*** Opening The records ***
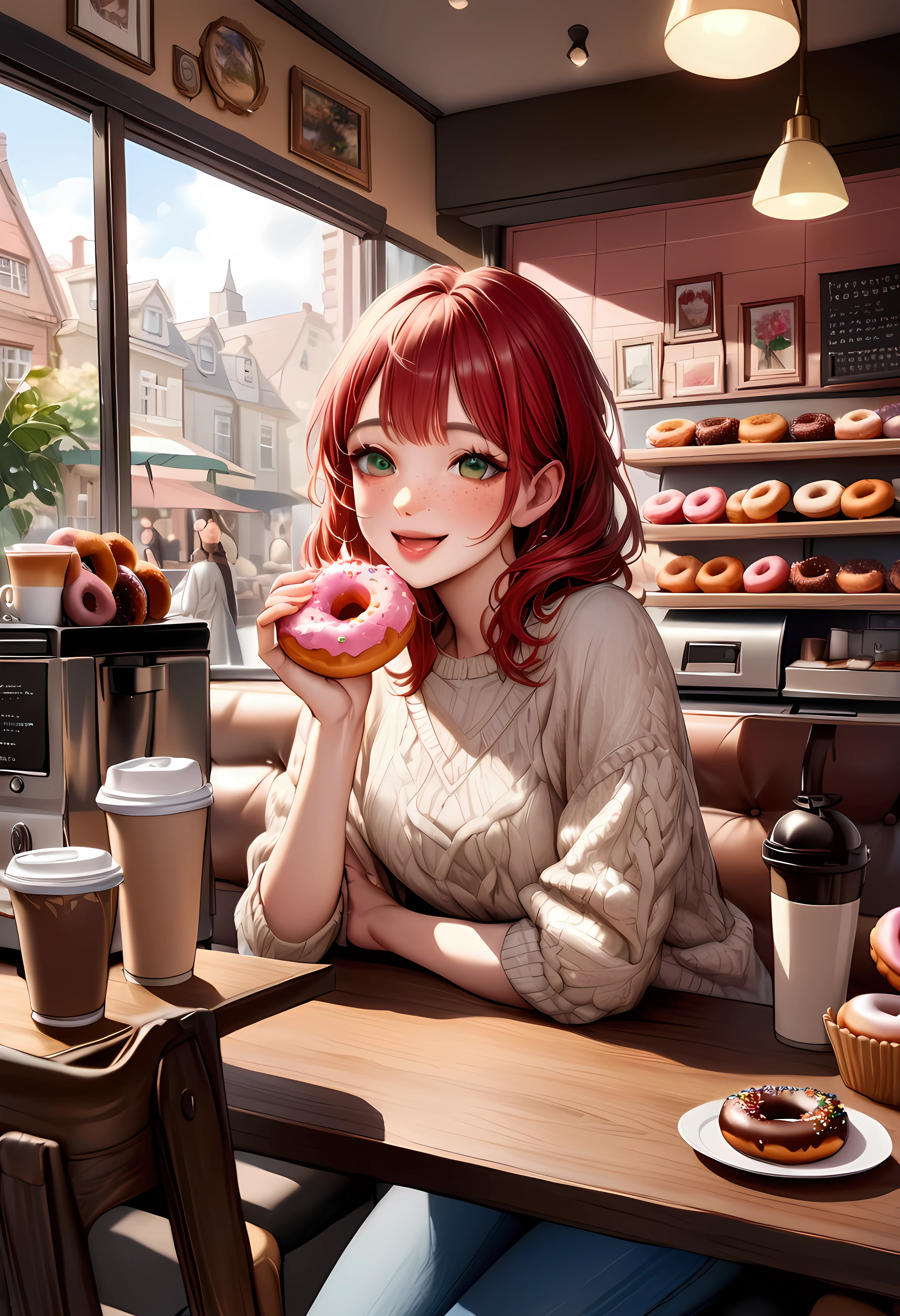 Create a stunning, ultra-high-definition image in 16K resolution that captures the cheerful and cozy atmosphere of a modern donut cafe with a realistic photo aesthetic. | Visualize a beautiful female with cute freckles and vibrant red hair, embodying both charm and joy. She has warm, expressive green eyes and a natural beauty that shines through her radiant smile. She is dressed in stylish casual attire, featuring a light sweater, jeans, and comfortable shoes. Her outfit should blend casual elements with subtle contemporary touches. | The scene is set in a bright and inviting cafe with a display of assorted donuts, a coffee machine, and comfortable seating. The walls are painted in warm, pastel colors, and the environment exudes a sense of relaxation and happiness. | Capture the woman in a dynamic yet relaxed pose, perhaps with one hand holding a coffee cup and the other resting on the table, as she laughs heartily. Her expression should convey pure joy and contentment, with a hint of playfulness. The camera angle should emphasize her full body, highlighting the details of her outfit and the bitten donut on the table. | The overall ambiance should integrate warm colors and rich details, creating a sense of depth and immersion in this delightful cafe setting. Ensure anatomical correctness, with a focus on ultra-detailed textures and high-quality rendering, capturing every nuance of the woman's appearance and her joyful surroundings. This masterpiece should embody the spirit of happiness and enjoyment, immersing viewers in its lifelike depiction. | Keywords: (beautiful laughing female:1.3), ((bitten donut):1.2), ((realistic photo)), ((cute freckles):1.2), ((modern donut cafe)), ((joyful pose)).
*** Closing The records ***
*** Opening The records ***
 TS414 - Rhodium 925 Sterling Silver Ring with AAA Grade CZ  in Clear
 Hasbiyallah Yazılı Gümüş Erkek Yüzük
*** Closing The records ***
*** Opening The records ***
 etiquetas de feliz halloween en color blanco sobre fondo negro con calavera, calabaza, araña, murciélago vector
*** Closing The records ***
_Exercise goal:_ Of the lines above, extract only those from the line with "TS414 - Rhodium" to the line with "Hasbiyallah Yazılı Gümüş Erkek Yüzük", both included, exactly as written.

_Solution for this problem:_
 TS414 - Rhodium 925 Sterling Silver Ring with AAA Grade CZ  in Clear
 Hasbiyallah Yazılı Gümüş Erkek Yüzük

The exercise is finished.